From time to time, he lets me use his Nintendo Wii to do the fitness test (apparently, I'm 80 years old). But the latest DS game he got for his birthday brought back memories. It's
Mario Bros. for Nintendo DS.
The Nintendo DS is quite a little machine. It has a Wi-Fi card that you can use to connect to the internet and you can also play with other DSs around you, i.e., you need one game and you can share it (play at the same time) with up to 4 other players.
I personally don't wonder anymore why Nintendo is
beating the rest of the gaming console companies on sales. Nintendo gets the gaming industry. The company lost its way around the 16-bit era, but it made a huge come back. Just to give a useless statics: out of the 5 game consoles in the house, 4 are Nintendo.

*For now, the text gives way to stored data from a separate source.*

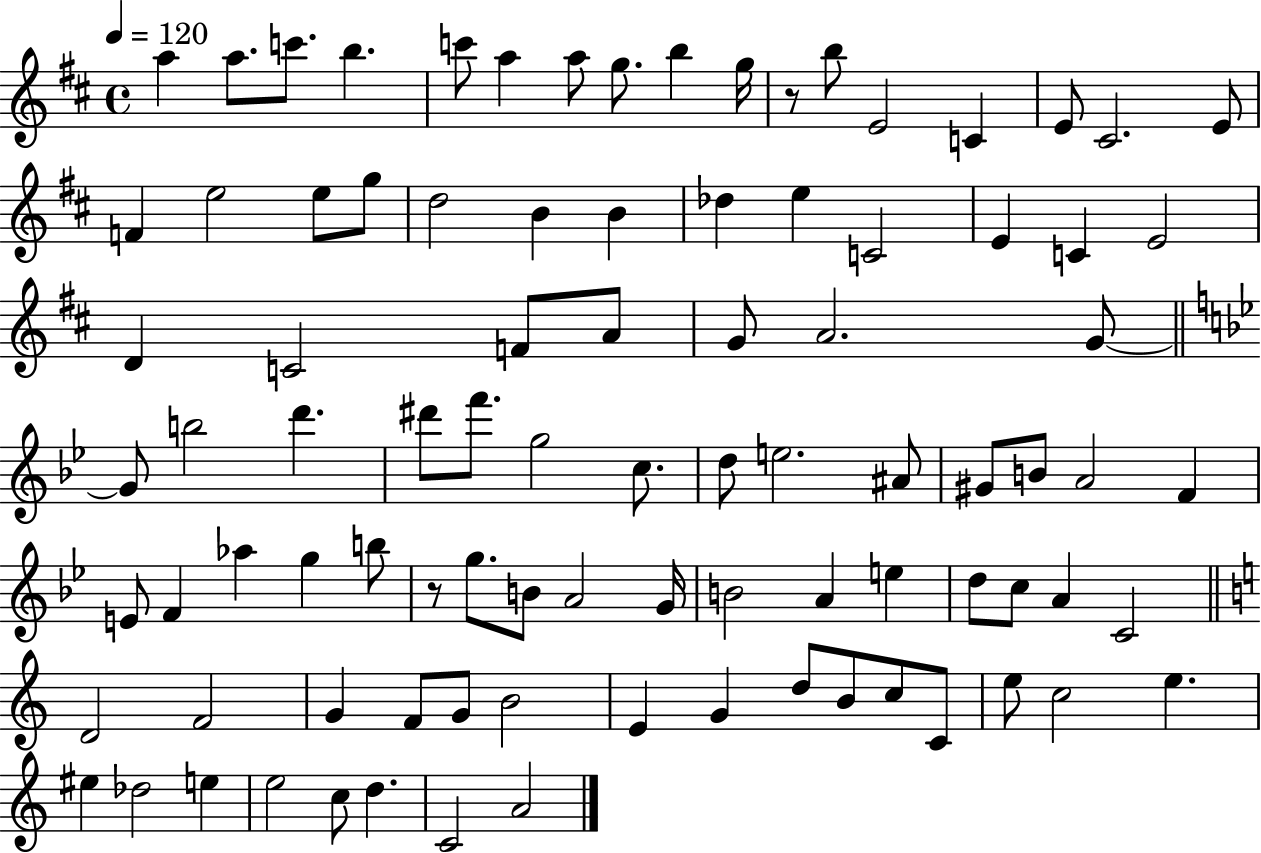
X:1
T:Untitled
M:4/4
L:1/4
K:D
a a/2 c'/2 b c'/2 a a/2 g/2 b g/4 z/2 b/2 E2 C E/2 ^C2 E/2 F e2 e/2 g/2 d2 B B _d e C2 E C E2 D C2 F/2 A/2 G/2 A2 G/2 G/2 b2 d' ^d'/2 f'/2 g2 c/2 d/2 e2 ^A/2 ^G/2 B/2 A2 F E/2 F _a g b/2 z/2 g/2 B/2 A2 G/4 B2 A e d/2 c/2 A C2 D2 F2 G F/2 G/2 B2 E G d/2 B/2 c/2 C/2 e/2 c2 e ^e _d2 e e2 c/2 d C2 A2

I played the new Mario Bros. with him, but he wanted it back after 1 minute (selfish little dude), so I went retro on him (well, kind of): I went online and played
Nintendo 8-bit games until I got bored of looking at pixelated characters--the graphics are wonderfully awful.
My favorites are the
flying games--1942, for ever.
By the way, all this games are available online thanks to the Java programming language. Ah Java. It had so much potential to make the OS a thing of past. In truth, we don't really need an operating system at all; all we need is a web browser with an internet connection and we can really do everything we need to do in a computer. I wonder what happened to that vision and why it failed. I'm sure Microsoft played a part, but probably not all of it is Bill's fault.
However, not all was lost: J2EE (or JEE) is still pretty cool.